= Cellach Ó Cellaigh =

Cellach Ó Cellaigh, Chief of the Sept, fl. late 16th century.

Cellach was a native of Aughrim, County Galway, and head of his branch of the Ó Cellaigh clan of Ui Maine. He was gr-gr-gr-gr-gr-gr-gr-gr grandson of Conchobar Maenmaige Ua Cellaigh, who was king in 1180.

His father, Domnall mac Aodh Ó Cellaigh, was married to Catherine Burke, a daughter of Ulick Finn of Clanricarde. Domnall's mother was Catherine Burke, daughter of Myler of Shrule. Cellach's great-grandfather, William mac Melaghlin Ó Cellaigh, was the first of the family to be associated with Aughrim.

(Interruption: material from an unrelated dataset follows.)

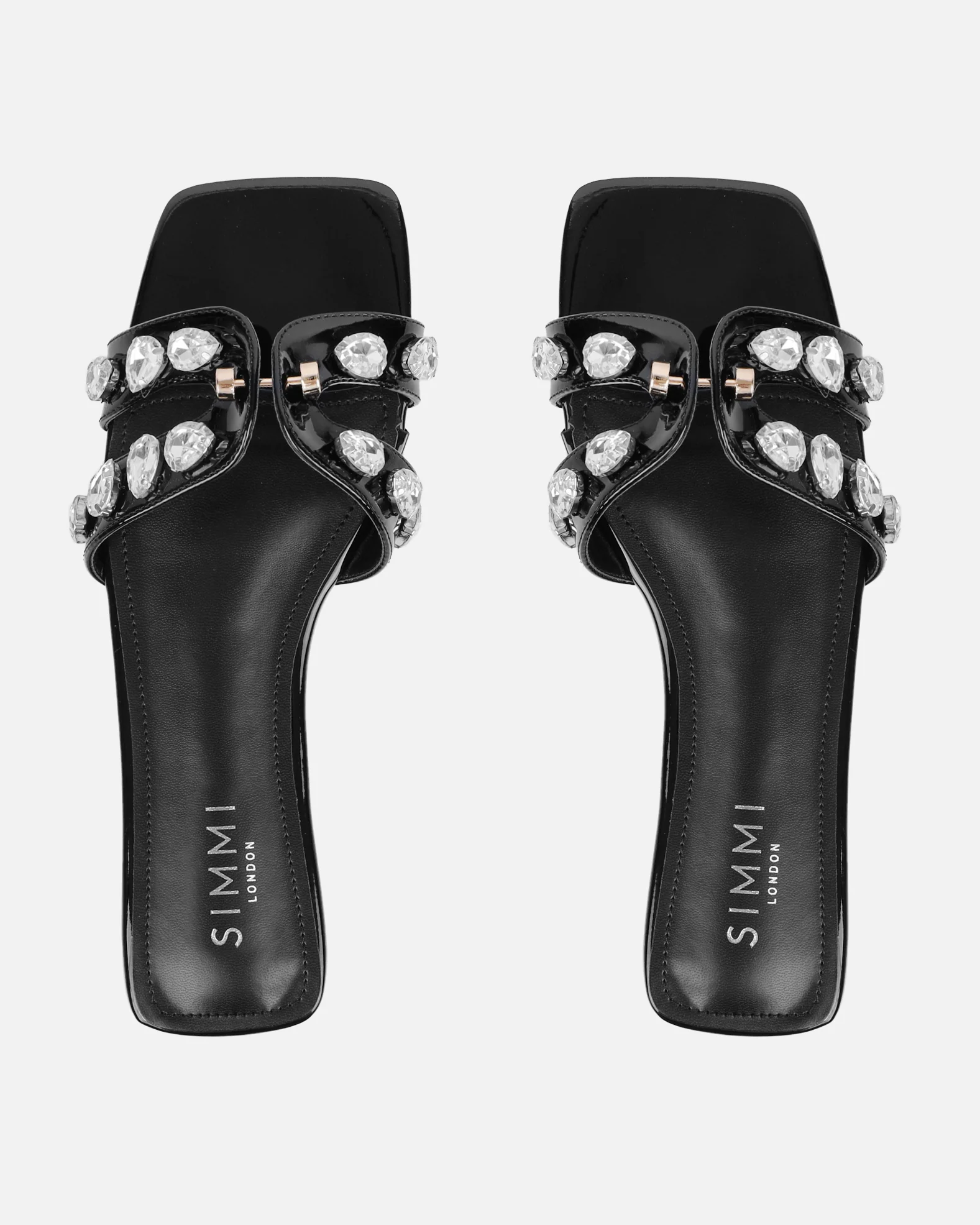 Billie Black Patent Diamante Slider Sandals - Image 3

He was married to Julia Ní Cellaigh, daughter of Tadg Dubh of Gallagh. Among their children were Feardorcha (died after 1611) and Hugh. Feardorcha Ó Cellaigh was the 79th and last king of Uí Maine and 43rd Chief of the Name. His descendants include the Counts and Countesses O'Kelly de Grallagh.

==Pedigree==

An article of 1934 gave his pedigree as Cellach mac Domnall m. Aodh m. William m. Melaghlin m. William Buidhe m. Donoch Muimbreach m. Conchobhair m. Domnall m. Teige Tailtenn m. Conchobar Maenmaige.